Your task
Retype the data exactly, leaving nothing out.

Input for this task
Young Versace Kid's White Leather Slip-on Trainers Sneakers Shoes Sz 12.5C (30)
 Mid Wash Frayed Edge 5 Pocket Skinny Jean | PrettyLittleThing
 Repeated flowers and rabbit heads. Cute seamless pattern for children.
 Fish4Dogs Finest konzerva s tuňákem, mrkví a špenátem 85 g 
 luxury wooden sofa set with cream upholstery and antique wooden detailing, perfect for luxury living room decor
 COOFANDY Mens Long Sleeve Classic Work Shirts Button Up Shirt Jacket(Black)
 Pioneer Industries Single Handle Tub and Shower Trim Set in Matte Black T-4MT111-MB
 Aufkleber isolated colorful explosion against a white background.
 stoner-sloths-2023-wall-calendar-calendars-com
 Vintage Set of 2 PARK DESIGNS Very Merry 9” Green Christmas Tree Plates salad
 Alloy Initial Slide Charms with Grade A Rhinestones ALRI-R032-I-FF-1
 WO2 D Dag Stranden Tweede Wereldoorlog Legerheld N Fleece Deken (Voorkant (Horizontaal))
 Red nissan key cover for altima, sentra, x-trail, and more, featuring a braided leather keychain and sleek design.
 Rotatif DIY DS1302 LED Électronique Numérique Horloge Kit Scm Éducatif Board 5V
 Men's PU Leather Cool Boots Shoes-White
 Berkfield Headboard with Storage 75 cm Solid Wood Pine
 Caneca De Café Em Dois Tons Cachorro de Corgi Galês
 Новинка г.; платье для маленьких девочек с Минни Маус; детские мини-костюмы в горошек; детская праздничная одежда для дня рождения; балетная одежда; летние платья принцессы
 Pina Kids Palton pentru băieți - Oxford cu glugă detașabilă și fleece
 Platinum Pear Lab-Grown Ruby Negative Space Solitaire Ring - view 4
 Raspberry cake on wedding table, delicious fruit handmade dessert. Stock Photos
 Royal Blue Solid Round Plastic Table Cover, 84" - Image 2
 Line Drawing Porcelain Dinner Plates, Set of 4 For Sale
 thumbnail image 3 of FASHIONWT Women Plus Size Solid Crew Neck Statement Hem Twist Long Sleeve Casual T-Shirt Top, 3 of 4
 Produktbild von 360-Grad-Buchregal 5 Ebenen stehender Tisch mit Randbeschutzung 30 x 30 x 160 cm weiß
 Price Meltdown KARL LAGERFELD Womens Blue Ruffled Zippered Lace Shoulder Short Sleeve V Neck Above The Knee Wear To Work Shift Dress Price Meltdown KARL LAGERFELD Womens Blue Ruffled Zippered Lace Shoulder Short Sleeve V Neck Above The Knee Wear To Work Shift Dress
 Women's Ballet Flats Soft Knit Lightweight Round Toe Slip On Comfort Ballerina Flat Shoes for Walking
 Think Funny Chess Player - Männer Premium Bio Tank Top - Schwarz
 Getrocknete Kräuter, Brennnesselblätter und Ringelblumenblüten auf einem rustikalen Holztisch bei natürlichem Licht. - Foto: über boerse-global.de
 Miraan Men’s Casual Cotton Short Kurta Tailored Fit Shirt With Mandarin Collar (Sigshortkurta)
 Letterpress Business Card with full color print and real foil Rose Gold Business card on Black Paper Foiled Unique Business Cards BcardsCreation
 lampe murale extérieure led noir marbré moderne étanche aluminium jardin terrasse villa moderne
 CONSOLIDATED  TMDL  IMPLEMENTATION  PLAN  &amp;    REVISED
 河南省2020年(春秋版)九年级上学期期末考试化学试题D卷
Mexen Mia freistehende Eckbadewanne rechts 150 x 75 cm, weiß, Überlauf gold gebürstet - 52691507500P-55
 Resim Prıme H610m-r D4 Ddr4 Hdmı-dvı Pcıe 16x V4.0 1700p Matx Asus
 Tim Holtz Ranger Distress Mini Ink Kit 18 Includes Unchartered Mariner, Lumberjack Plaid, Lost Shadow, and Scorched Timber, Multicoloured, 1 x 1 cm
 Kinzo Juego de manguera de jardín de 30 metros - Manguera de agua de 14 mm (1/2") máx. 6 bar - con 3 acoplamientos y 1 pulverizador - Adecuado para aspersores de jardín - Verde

Completed task
Young Versace Kid's White Leather Slip-on Trainers Sneakers Shoes Sz 12.5C (30)
 Mid Wash Frayed Edge 5 Pocket Skinny Jean | PrettyLittleThing
 Repeated flowers and rabbit heads. Cute seamless pattern for children.
 Fish4Dogs Finest konzerva s tuňákem, mrkví a špenátem 85 g 
 luxury wooden sofa set with cream upholstery and antique wooden detailing, perfect for luxury living room decor
 COOFANDY Mens Long Sleeve Classic Work Shirts Button Up Shirt Jacket(Black)
 Pioneer Industries Single Handle Tub and Shower Trim Set in Matte Black T-4MT111-MB
 Aufkleber isolated colorful explosion against a white background.
 stoner-sloths-2023-wall-calendar-calendars-com
 Vintage Set of 2 PARK DESIGNS Very Merry 9” Green Christmas Tree Plates salad
 Alloy Initial Slide Charms with Grade A Rhinestones ALRI-R032-I-FF-1
 WO2 D Dag Stranden Tweede Wereldoorlog Legerheld N Fleece Deken (Voorkant (Horizontaal))
 Red nissan key cover for altima, sentra, x-trail, and more, featuring a braided leather keychain and sleek design.
 Rotatif DIY DS1302 LED Électronique Numérique Horloge Kit Scm Éducatif Board 5V
 Men's PU Leather Cool Boots Shoes-White
 Berkfield Headboard with Storage 75 cm Solid Wood Pine
 Caneca De Café Em Dois Tons Cachorro de Corgi Galês
 Новинка г.; платье для маленьких девочек с Минни Маус; детские мини-костюмы в горошек; детская праздничная одежда для дня рождения; балетная одежда; летние платья принцессы
 Pina Kids Palton pentru băieți - Oxford cu glugă detașabilă și fleece
 Platinum Pear Lab-Grown Ruby Negative Space Solitaire Ring - view 4
 Raspberry cake on wedding table, delicious fruit handmade dessert. Stock Photos
 Royal Blue Solid Round Plastic Table Cover, 84" - Image 2
 Line Drawing Porcelain Dinner Plates, Set of 4 For Sale
 thumbnail image 3 of FASHIONWT Women Plus Size Solid Crew Neck Statement Hem Twist Long Sleeve Casual T-Shirt Top, 3 of 4
 Produktbild von 360-Grad-Buchregal 5 Ebenen stehender Tisch mit Randbeschutzung 30 x 30 x 160 cm weiß
 Price Meltdown KARL LAGERFELD Womens Blue Ruffled Zippered Lace Shoulder Short Sleeve V Neck Above The Knee Wear To Work Shift Dress Price Meltdown KARL LAGERFELD Womens Blue Ruffled Zippered Lace Shoulder Short Sleeve V Neck Above The Knee Wear To Work Shift Dress
 Women's Ballet Flats Soft Knit Lightweight Round Toe Slip On Comfort Ballerina Flat Shoes for Walking
 Think Funny Chess Player - Männer Premium Bio Tank Top - Schwarz
 Getrocknete Kräuter, Brennnesselblätter und Ringelblumenblüten auf einem rustikalen Holztisch bei natürlichem Licht. - Foto: über boerse-global.de
 Miraan Men’s Casual Cotton Short Kurta Tailored Fit Shirt With Mandarin Collar (Sigshortkurta)
 Letterpress Business Card with full color print and real foil Rose Gold Business card on Black Paper Foiled Unique Business Cards BcardsCreation
 lampe murale extérieure led noir marbré moderne étanche aluminium jardin terrasse villa moderne
 CONSOLIDATED  TMDL  IMPLEMENTATION  PLAN  &amp;    REVISED
 河南省2020年(春秋版)九年级上学期期末考试化学试题D卷
Mexen Mia freistehende Eckbadewanne rechts 150 x 75 cm, weiß, Überlauf gold gebürstet - 52691507500P-55
 Resim Prıme H610m-r D4 Ddr4 Hdmı-dvı Pcıe 16x V4.0 1700p Matx Asus
 Tim Holtz Ranger Distress Mini Ink Kit 18 Includes Unchartered Mariner, Lumberjack Plaid, Lost Shadow, and Scorched Timber, Multicoloured, 1 x 1 cm
 Kinzo Juego de manguera de jardín de 30 metros - Manguera de agua de 14 mm (1/2") máx. 6 bar - con 3 acoplamientos y 1 pulverizador - Adecuado para aspersores de jardín - Verde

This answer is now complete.